Action item: The entries below should be repeated exactly, with no pictures carried over.

Material for this exercise:
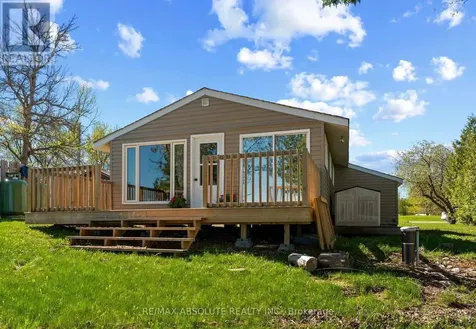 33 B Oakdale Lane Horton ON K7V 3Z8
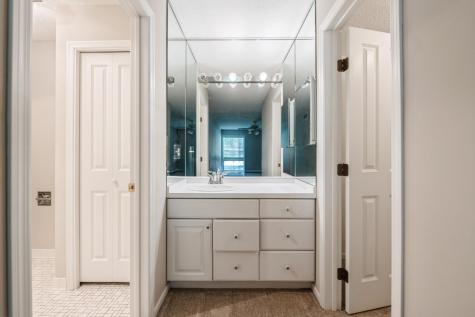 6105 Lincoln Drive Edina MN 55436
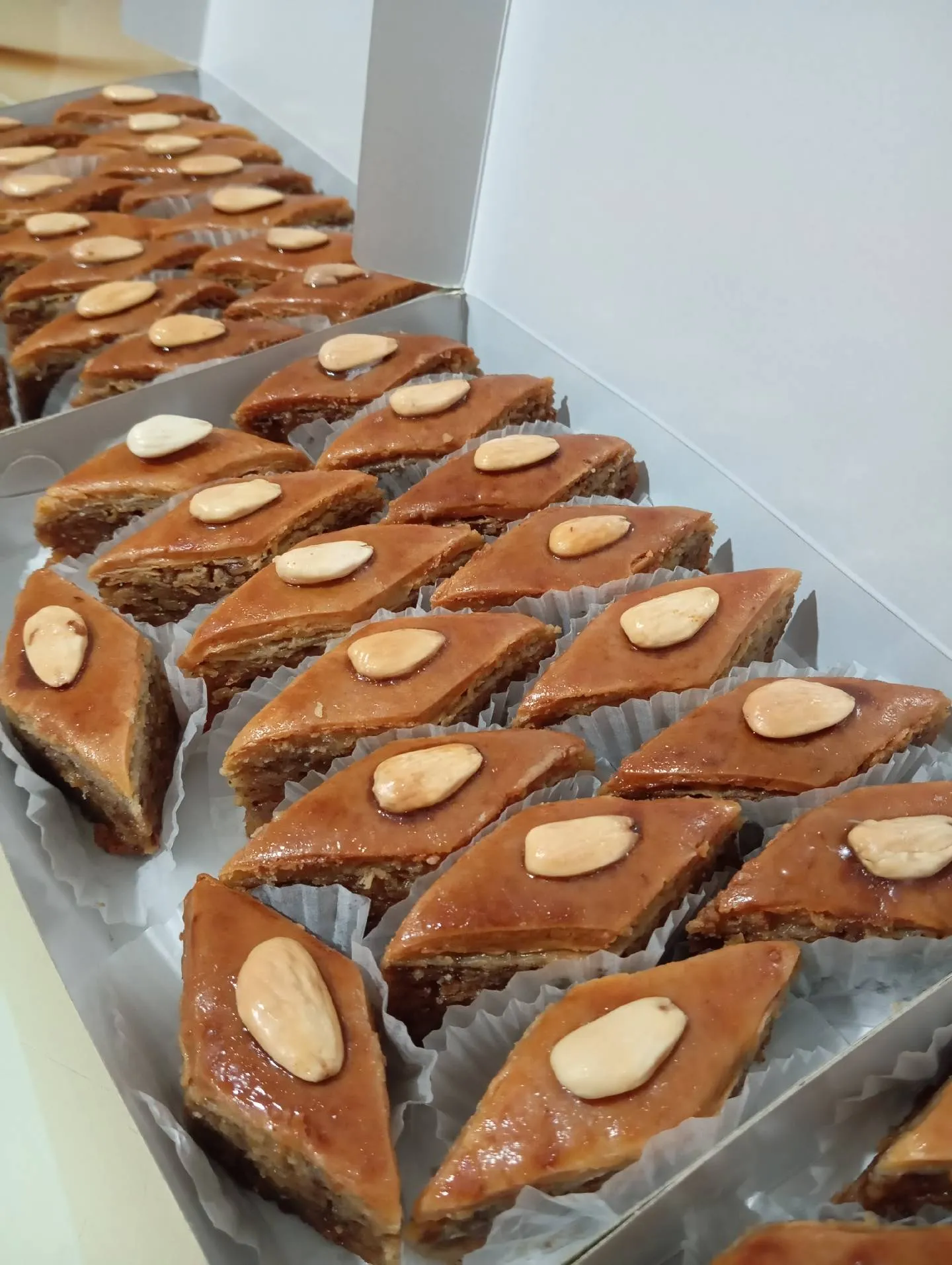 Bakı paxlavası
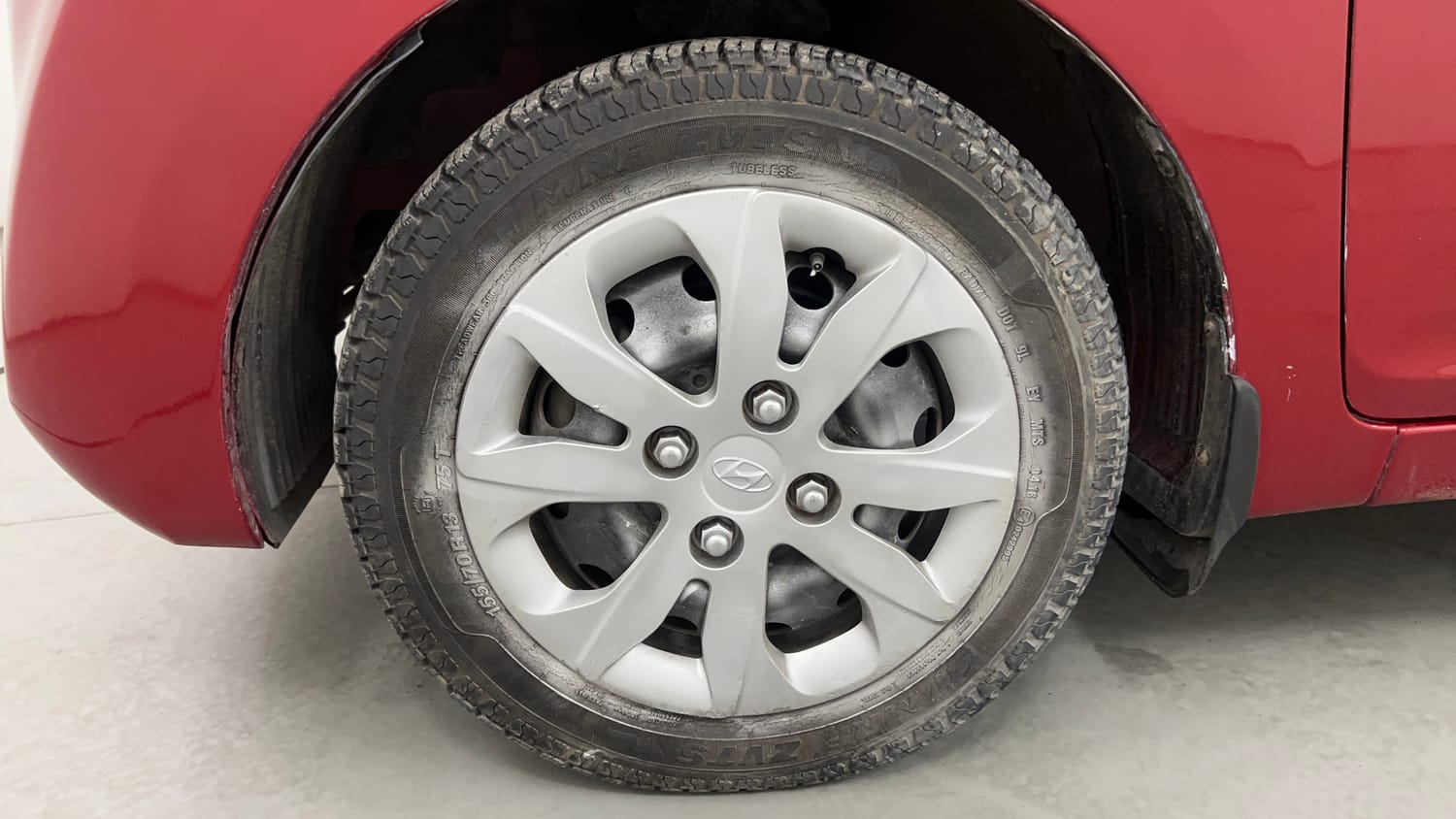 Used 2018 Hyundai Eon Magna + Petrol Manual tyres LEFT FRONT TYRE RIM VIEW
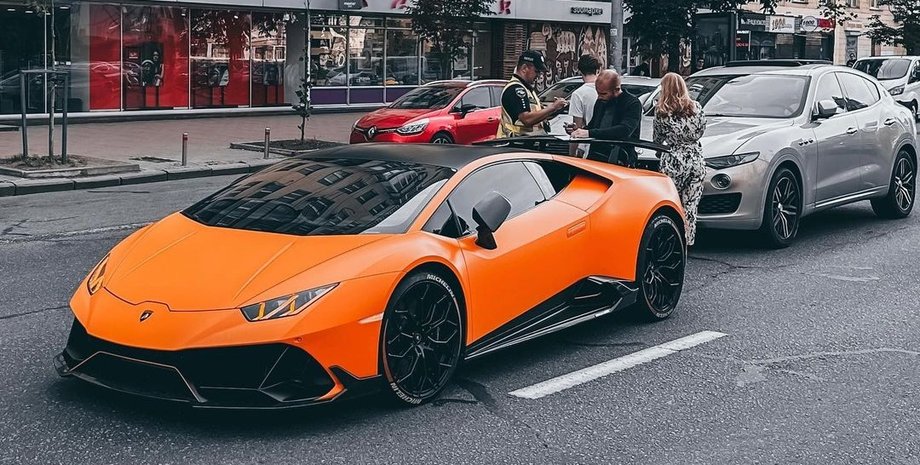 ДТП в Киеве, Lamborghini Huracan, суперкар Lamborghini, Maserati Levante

Output for this exercise:
 33 B Oakdale Lane Horton ON K7V 3Z8
 6105 Lincoln Drive Edina MN 55436
 Bakı paxlavası
 Used 2018 Hyundai Eon Magna + Petrol Manual tyres LEFT FRONT TYRE RIM VIEW
 ДТП в Киеве, Lamborghini Huracan, суперкар Lamborghini, Maserati Levante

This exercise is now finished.